Emil Gataullin

Zauberhaftes Russland

© Emil Gataullin

Kann es für einen begabten Menschen etwas Schlimmeres geben, als von seinen Zeitgenossen verkannt zu werden? Emil Gataullin konnte diesem Schicksal entkommen. Bis vor Kurzem war der heute 46-jährige Fotograf aus Joschkar-Ola, einem Ort, der 750 Kilometer östlich von Moskau an einem Wolgazufluss liegt, in Europa und den USA so gut wie unbekannt.

Doch alles änderte sich, als er 2014 beim Alfred-Fried-Award ausgezeichnet wurde. Unter 5200 Einsendungen aus über 100 Ländern hatte sich sein Bild durchgesetzt, eine Aufnahme von zwei Jungen, die sich in Ferapontowo im Bezirk Wologda mit einer Schaukel überschlagen. Es beinhaltet alles, was Gataullins Werk ausmacht: ein ländliches Russland in Schwarz-Weiß, poetisch, zeitlos und weit entfernt vom Klischee einer maßlosen Industrialisierung, wie es im Westen gepflegt wird. Ohne nostalgisch zu werden oder zu überzeichnen, fängt Gataullin das Wesen des ländlichen Lebens seiner Heimat ein, in einem Stil, der an Cartier-Bresson und Koudelka denken lässt, zwei Meister, auf die er sich immer wieder beruft.

„Meine Bilder sind keine Projekte.“ So beschreibt Gataullin seine Arbeit in seinem Buch Bis zum Horizont, das 2016 erschien. „Sie sind einfach nur Ausschnitte aus dem Leben.“ Augenblicke des Alltags verwandelt er in magische Momente, die den Betrachter verzaubern. Wie auf dem Bild, das die Beine einer Frau zeigt, die im Brautkleid und in weißen High Heels eine von Pfützen bedeckte Straße überquert. Ihr Kleid bauscht sich auf, und ihre Gestalt spiegelt sich im Wasser. Eine Hommage an Willy Ronis und sein berühmtes Foto aus dem Jahr 1947, auf dem eine junge Dame über eine Pfütze steigt, in der sich die Säule auf der Place Vendôme spiegelt.

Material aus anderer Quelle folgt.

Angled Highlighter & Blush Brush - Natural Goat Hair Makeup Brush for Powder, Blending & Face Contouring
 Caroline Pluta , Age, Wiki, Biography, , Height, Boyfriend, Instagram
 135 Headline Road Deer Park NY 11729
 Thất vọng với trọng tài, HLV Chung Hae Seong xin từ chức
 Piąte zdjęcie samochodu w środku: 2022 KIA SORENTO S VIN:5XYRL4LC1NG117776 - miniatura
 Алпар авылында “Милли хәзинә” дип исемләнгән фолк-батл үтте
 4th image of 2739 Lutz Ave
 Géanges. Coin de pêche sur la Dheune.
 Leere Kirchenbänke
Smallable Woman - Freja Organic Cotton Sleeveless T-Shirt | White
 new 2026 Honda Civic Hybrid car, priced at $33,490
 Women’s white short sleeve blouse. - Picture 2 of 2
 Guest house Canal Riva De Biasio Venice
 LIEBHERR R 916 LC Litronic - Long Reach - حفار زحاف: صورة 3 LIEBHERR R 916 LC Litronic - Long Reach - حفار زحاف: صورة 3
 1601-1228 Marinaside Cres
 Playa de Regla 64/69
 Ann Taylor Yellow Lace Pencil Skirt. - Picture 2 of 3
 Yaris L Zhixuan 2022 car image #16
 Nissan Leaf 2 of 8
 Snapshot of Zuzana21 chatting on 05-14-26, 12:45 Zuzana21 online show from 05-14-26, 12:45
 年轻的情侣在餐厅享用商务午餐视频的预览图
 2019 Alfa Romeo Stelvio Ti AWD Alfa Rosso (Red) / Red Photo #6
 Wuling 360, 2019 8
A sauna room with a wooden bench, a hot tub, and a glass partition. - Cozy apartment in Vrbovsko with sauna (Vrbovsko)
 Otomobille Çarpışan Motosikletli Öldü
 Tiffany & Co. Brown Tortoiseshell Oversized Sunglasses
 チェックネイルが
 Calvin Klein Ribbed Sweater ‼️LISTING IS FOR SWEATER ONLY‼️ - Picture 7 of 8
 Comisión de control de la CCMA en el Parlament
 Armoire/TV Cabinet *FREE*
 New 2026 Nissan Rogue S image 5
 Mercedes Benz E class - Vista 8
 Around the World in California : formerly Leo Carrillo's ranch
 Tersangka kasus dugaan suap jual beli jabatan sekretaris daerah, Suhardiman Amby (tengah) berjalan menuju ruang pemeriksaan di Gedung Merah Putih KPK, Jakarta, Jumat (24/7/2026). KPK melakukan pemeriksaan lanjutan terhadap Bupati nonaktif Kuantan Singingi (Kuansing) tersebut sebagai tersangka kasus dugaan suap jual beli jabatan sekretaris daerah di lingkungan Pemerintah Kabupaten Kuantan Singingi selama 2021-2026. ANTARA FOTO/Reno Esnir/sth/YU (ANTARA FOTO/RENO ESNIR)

Emil Gataullin, Sohn eines Sängers und einer Musiklehrerin, hat sich die Liebe zum russischen Landleben bewahrt, die in ihm entstand, als er als Kind die Ferien bei seiner Großmutter und seinem Onkel verbrachte und dort Pilze sammelte, aufs Vieh aufpasste oder zum Angeln ging. „Das war die schönste Zeit meines Lebens“, so Gataullin im Rückblick. Vielleicht sind diese Worte der Schlüssel zum Verständnis seines Werks. Seine Bilder ermöglichen ihm eine Reise in die Vergangenheit, zurück in das Dorf seiner Kindheit. So kann er wieder mit dieser Welt in Verbindung treten, die er verlassen hat, als er mit seiner Familie an den Rand einer Großstadt zog. Diese Ausstellung ist eine Liebeserklärung an das Land seiner Kindheit, eine romantische Irrfahrt durch unentdeckte Gefilde, in denen die Uhren langsamer gehen.